The goal was clear: get this pipeline into a production-ready setup on Azure, complete with observability, retries for failures, file-based triggers, scalability, low costs, and minimal changes to the existing codebase. My first thought was just deploying the notebook directly onto Azure Databricks—but I quickly dropped that idea. Managing notebooks in production is like herding cats—no real version control, poor observability, no retries, no triggers, just messy chaos.
Exploring Azure-native options turned out to be disappointing; they were either crazy expensive (looking at you, Microsoft Fabric) or required extensive rewriting of the code for Spark clusters. Running plain Python scripts on Azure Synapse Analytics is technically doable, but it needs at least three nodes in each spark cluster, making it three times as expensive. No thanks.
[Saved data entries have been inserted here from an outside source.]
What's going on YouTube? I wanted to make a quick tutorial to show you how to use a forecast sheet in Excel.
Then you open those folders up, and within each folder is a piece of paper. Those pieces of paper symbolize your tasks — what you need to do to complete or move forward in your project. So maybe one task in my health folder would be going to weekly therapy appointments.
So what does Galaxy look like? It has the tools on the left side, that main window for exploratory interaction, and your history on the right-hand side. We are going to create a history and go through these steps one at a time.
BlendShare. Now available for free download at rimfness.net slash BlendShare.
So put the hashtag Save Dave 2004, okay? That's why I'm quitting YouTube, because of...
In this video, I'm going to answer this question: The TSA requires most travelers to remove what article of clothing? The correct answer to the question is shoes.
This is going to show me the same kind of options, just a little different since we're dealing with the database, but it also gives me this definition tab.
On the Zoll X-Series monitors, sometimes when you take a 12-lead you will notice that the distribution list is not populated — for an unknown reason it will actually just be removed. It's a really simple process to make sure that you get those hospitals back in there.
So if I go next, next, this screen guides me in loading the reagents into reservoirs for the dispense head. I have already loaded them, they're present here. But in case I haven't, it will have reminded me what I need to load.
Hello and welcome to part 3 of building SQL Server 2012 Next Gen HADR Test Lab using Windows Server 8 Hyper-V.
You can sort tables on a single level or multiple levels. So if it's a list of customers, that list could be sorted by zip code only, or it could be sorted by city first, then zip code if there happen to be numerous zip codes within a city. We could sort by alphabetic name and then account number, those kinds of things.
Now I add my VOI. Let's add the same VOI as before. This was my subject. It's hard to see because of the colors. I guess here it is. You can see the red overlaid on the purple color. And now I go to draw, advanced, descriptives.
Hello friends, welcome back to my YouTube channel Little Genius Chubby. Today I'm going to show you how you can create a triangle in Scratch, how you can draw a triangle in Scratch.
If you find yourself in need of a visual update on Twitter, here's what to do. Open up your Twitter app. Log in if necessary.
After some digging, two promising contenders (both open-source) emerged:
- Dagster (on Azure Container Instances)
- Prefect (also on Azure Container Instances)
Here’s what I discovered after testing both:
Dagster: Elegant, but Costly
Dagster has a fantastic conceptual model based on “data assets,” which made the pipelines very intuitive. Observability was decent, though displaying tabular data results clearly during runs wasn’t straightforward. However, Dagster uses a pull-based model, meaning a worker instance needs to run continuously—burning money even when idle. On top of that, it would require significant refactoring of my existing pipeline into Dagster’s more declarative style. Dagster’s cloud offering was also restricted to US locations only, which was a no-go due to data privacy constraints.
Don’t get me wrong—Dagster seems awesome, and I hope to use it someday—but it wasn’t right for this specific project.
Prefect: Practical and Cost-effective
Prefect took a more straightforward, traditional task-and-flow approach. Although not as elegant as Dagster’s concept, it did the job very effectively. Observability was actually great, supporting artifacts like tables, markdown, and images directly in the UI. Prefect also handled retries and event triggers exceptionally well. Its UI, admittedly, felt slightly less polished compared to Dagster’s.
The big win with Prefect was its push-based worker model: spin up an Azure Container Instance (ACI), run the task, then shut it down immediately afterward—no idle costs! Prefect still required a continuously running server, though. The Prefect Cloud free tier didn’t allow for custom compute, and the next tier cost about $100/month, leaving a small continuously-running ACI instance as my only practical choice.
Why Prefect Came Out on Top
In the end, Prefect was the clear winner for my project. It balanced functionality, observability, and cost-effectiveness better—even though I still admire Dagster’s elegant approach.
Hopefully, my journey helps someone else navigate the surprisingly murky waters of Azure data pipeline solutions. Honestly, the Azure-native offerings disappointed me—they’re pricey, inflexible, and oddly unsuited for typical Python data pipelines. In the same project, I’m already using Azure Synapse Pipelines for a simple file-to-database job it’s actually really bad. Who at Microsoft decided that dynamic input schema wasn’t important?
It genuinely surprises me that Microsoft hasn’t provided a straightforward, serverless solution for Python-based data pipelines. Until then, Prefect has my vote.